Iraq
The second potential response is to ramp up air strikes on Iran-backed armed groups in Iraq. Sunday’s drone strike was claimed by the Islamic Resistance in Iraq (IRI), an umbrella group of militias which has split from the broader Popular Mobilisation Forces. The IRI includes Harakat Hezbollah al-Nujaba, one of the most powerful pro-Iran militias in Iraq, which is believed to be responsible for many of the recent attacks against US forces.
The US has conducted five retaliatory strikes in Iraq in response to previous attacks by the IRI since the war in Gaza began, one of which on January 21 saw two American soldiers stationed at the Asad air base in western Iraq suffer major brain injuries.
But those responses have not delivered, as Sunday’s deadly attack showed all too clearly. “Deterrence was never asserted, and this is the cost – three lost troops and 34 plus injured,” said Charles Lister, senior fellow at the Middle East Institute.
Mark Dubowitz, chief executive of the Foundation for Defense of Democracies, added: “If you want a strike against the regime in Iran that is ‘non-escalatory’ but also ‘effective and deterrent’, Biden needs to wipe out IRGC bases and kill senior IRGC commanders. Only then will Khamenei back down.”
The IRGC in Syria
A more intense response would therefore be to simultaneously conduct strikes in both Iraq and Syria, with action against the IRI in Iraq being combined with moves against sites in Syria belonging to the Iranian Revolutionary Guard Corps (IRGC).

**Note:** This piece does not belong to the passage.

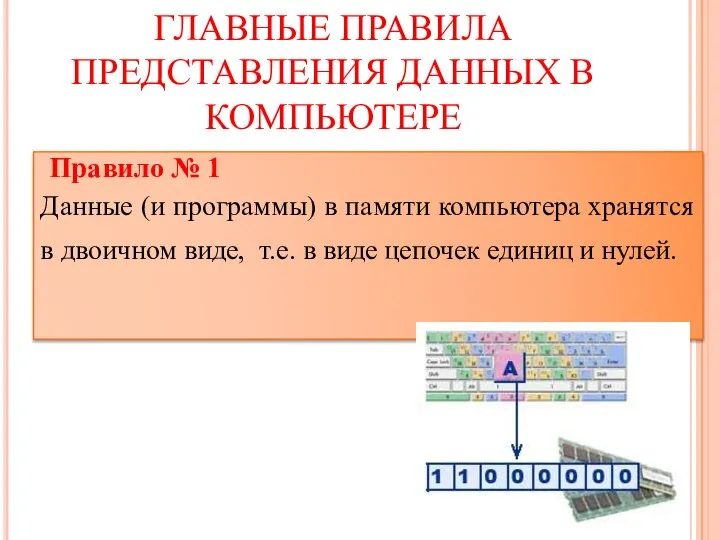 ГЛАВНЫЕ ПРАВИЛА ПРЕДСТАВЛЕНИЯ ДАННЫХ В КОМПЬЮТЕРЕ Правило № 1 Данные (и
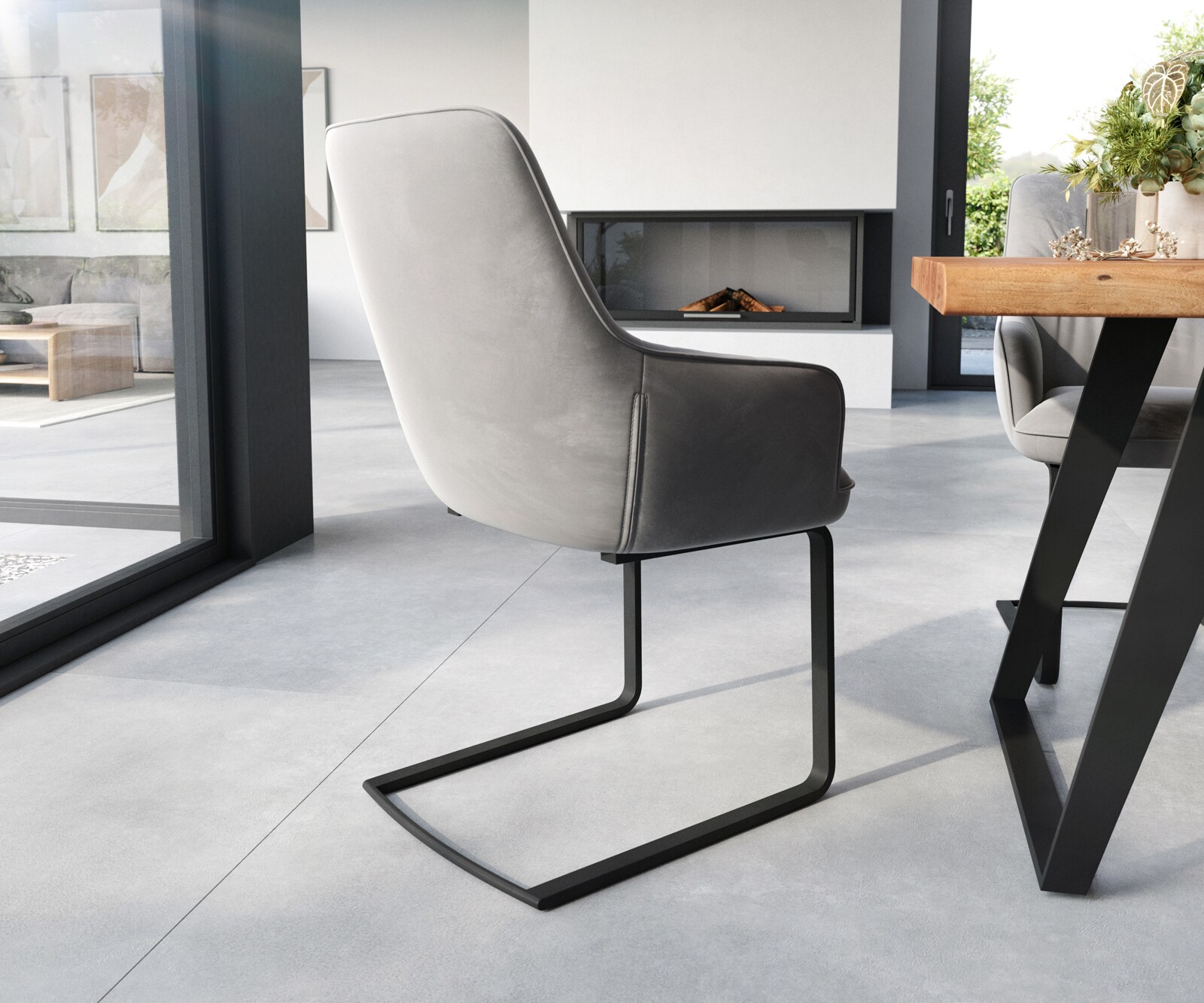 Cantilever Zelia-Flex avec accoudoirs velours gris pied cantilever plat noir ressorts ensachés 4 Cantilever Zelia-Flex avec accoudoirs velours gris pied cantilever plat noir ressorts ensachés 4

The US has attacked IRGC positions in Syria – where they operate as advisers and trainers to Bashar al Assad’s military and support a number of anti-American militias – three times since October 7. On November 8, US air force jets bombed a weapons depot and four days later they struck a training facility and safe house. Both strikes were conducted in the eastern oil-rich Deir ez-Zour province.

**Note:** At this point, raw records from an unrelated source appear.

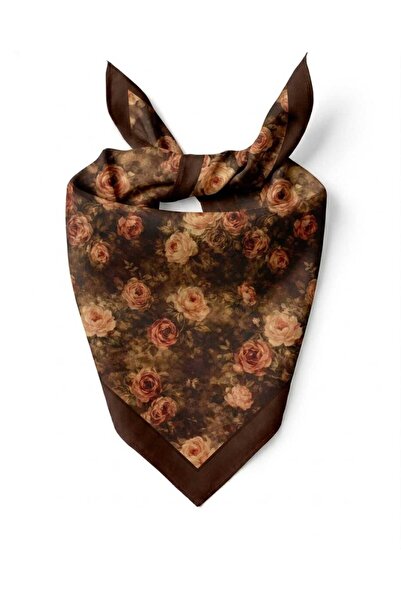 Alse Butik Vintage Kahverengi Gül Desenli Soft Pamuk Fular (50x50 cm)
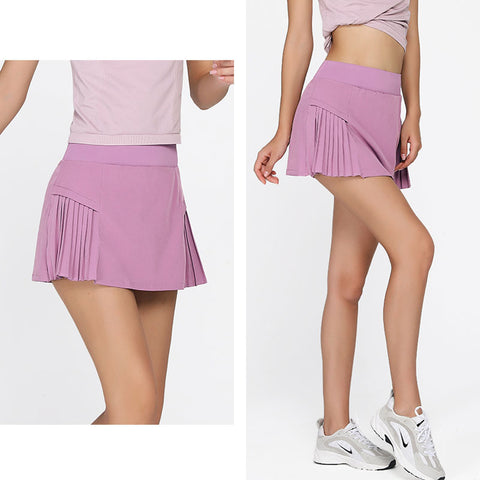 Lesmart Women's Pleated Tennis Skirts with Shorts Pockets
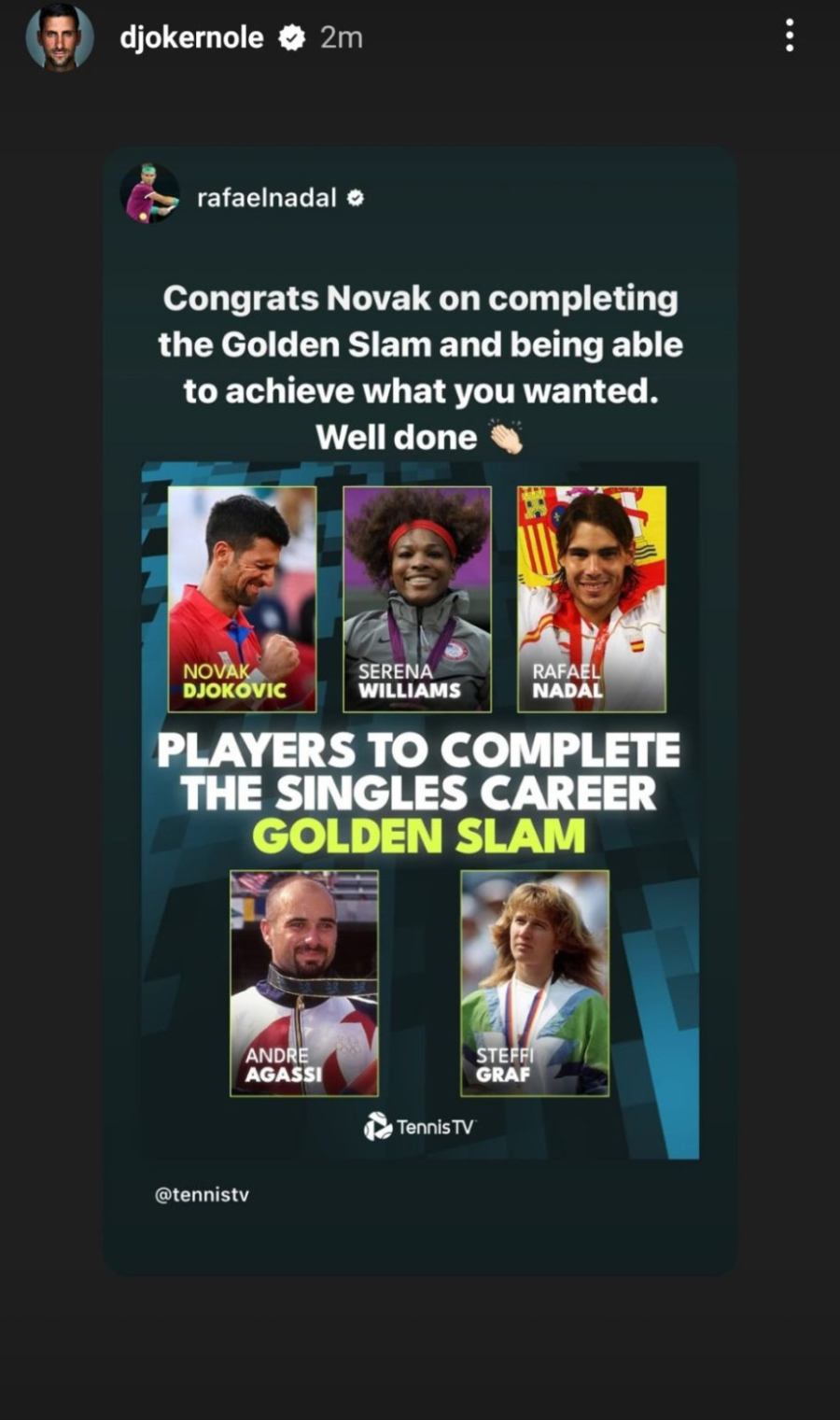 Javio se i Nadal, Đoković mu odgovorio FOTO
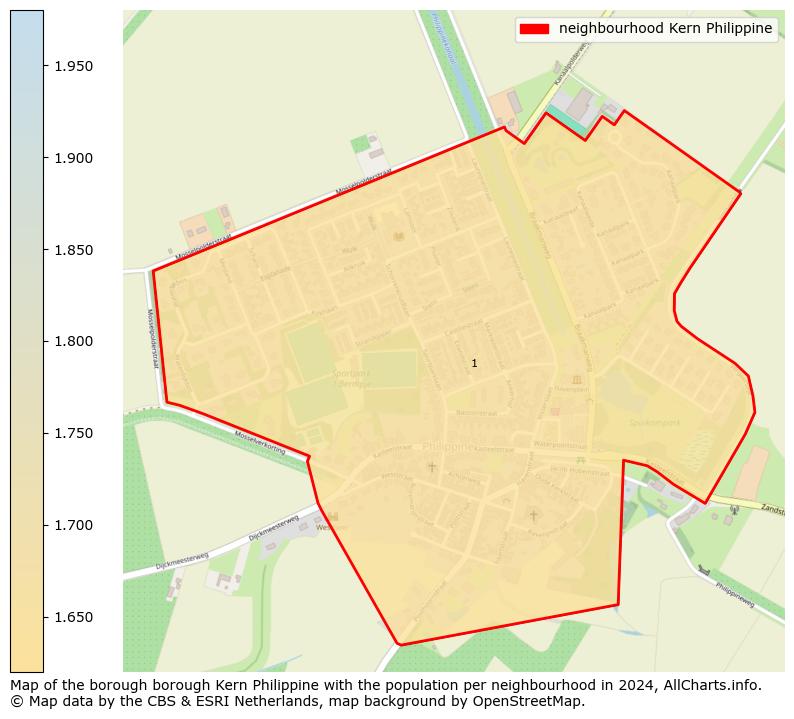 Image of the neighbourhood Kern Philippine at the map. This image is used as introduction to this page. This page shows a lot of information about the population in the neighbourhood Kern Philippine (such as the distribution by age groups of the residents, the composition of households, whether inhabitants are natives or Dutch with an immigration background, data about the houses (numbers, types, price development, use, type of property, ...) and more (car ownership, energy consumption, ...) based on open data from the Dutch Central Bureau of Statistics and various other sources!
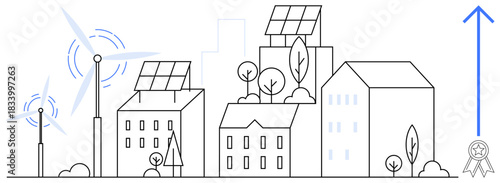 Sustainability, renewable energy, modern infrastructure, eco-friendly living, green technology, clean energy. Urban buildings with solar panels and wind turbines. Sustainability and renewable energy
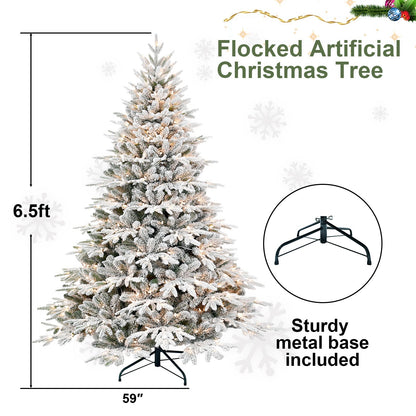 7.5ft pre-lit flocked Christmas Tree with frosted needles and metal base included on Tampa Home & Garden Store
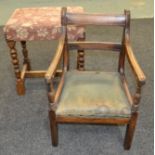 A 19th Century mahogany childs bar back chair with green leather seat,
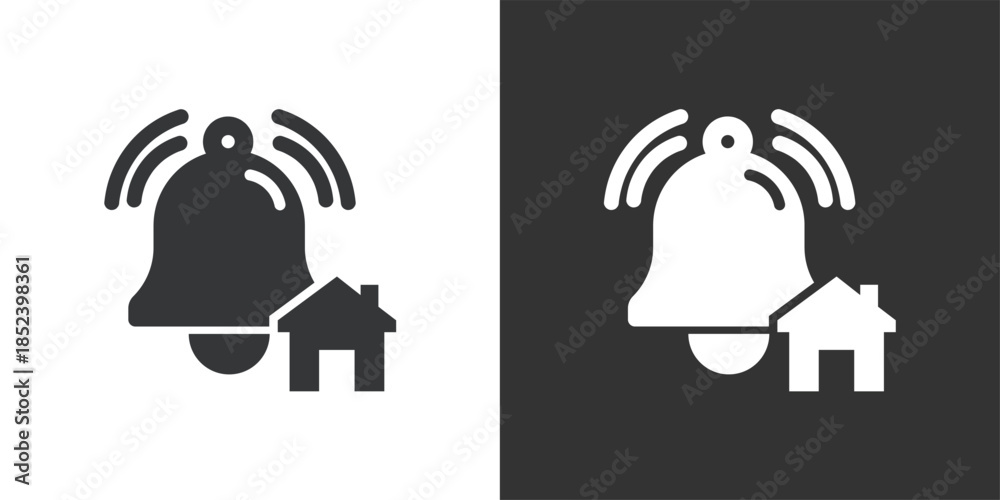 Fototapeta premium Home Security Alarm icon. Solid glyph series icon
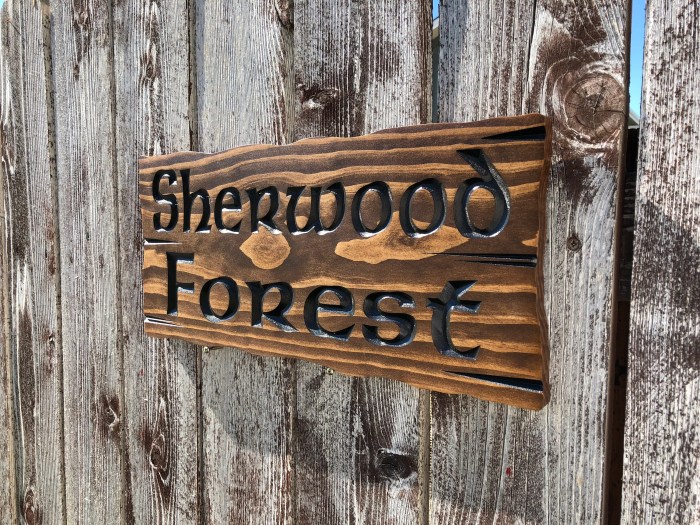 Outdoor wooden camp signs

“The US has conceded too large a margin to Iran for proxy attacks,” said Aaron David Miller, a former Middle East peace negotiator and senior fellow at the Carnegie Endowment for International Peace. “Washington needs to reduce that margin and send a tougher message to Tehran for killing Americans – attacks against Iranian forces in Iraq and Syria.”

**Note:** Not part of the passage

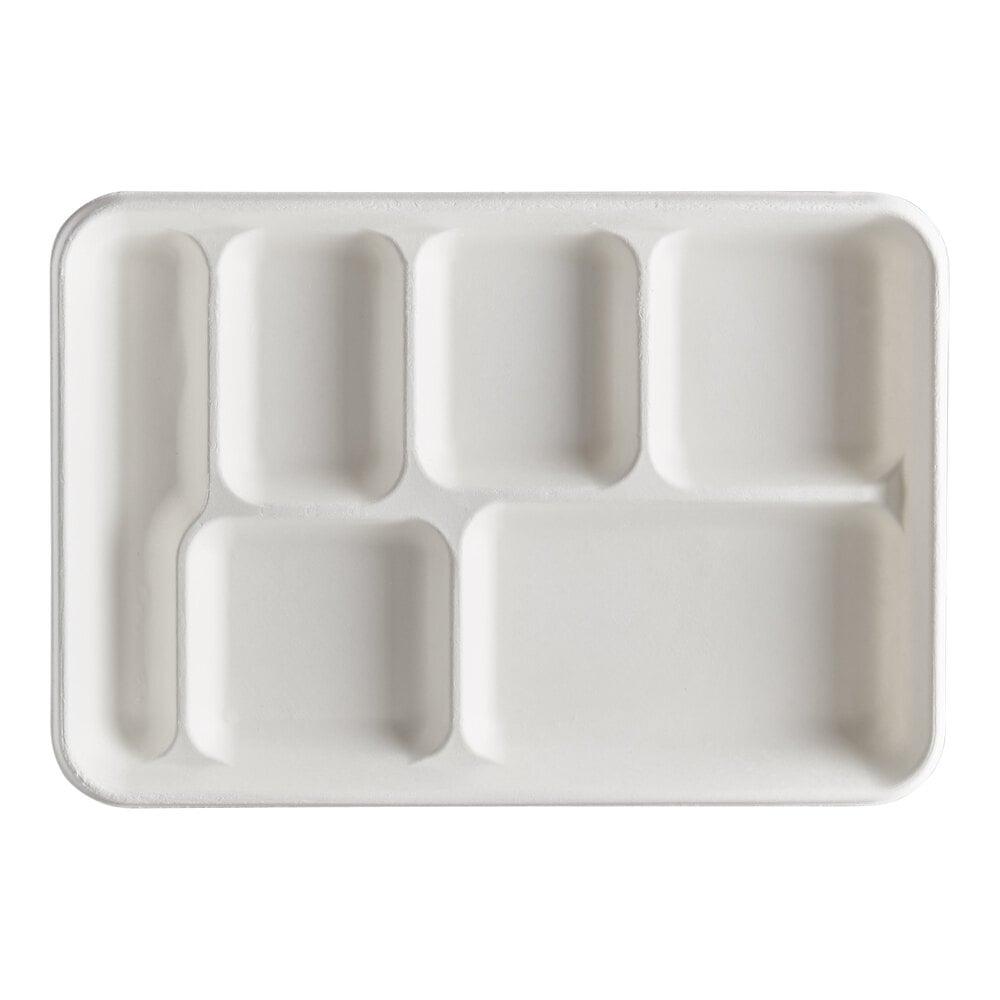 EcoChoice 12 1/2" x 8 1/2" Compostable White Plant Fiber 6 Compartment Tray - 100/Pack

There are a number of other prominent IRGC sites in Syria, including: a command and control centre called the “glasshouse” at Damascus airport, the Imam Ali air base near the Iraq border, a major drone facility at the Dimas air base near the Lebanon border, and an elite special forces training camp at Mayadin in eastern Syria.
“Bear in mind that as standard practice, Iran will already have evacuated personnel from key sites and senior operatives will have gone to ground,” Mr Lister said. Nevertheless, the US would still be sending a major message of deterrence.
Iran
The most serious option for retaliation would be against Iran itself. Tehran has attempted to distance itself from Sunday’s attack, with Nasser Kanaani, the foreign ministry spokesman, saying on Monday that it does not give orders to “resistance groups”. But Mr Biden was clear in his response on Sunday night that “radical Iran-backed militant groups” were responsible, thereby implicating Tehran as indirectly responsible for the attack.
If the ayatollahs’ arms-length involvement is taken as adequate justification for direct military action, the US could choose to pursue Iranian naval assets. Tehran says it has deployed four naval squadrons to “international waters” since their Houthi allies started attacks on international shipping in the Red Sea. The US Navy is also operating in the region.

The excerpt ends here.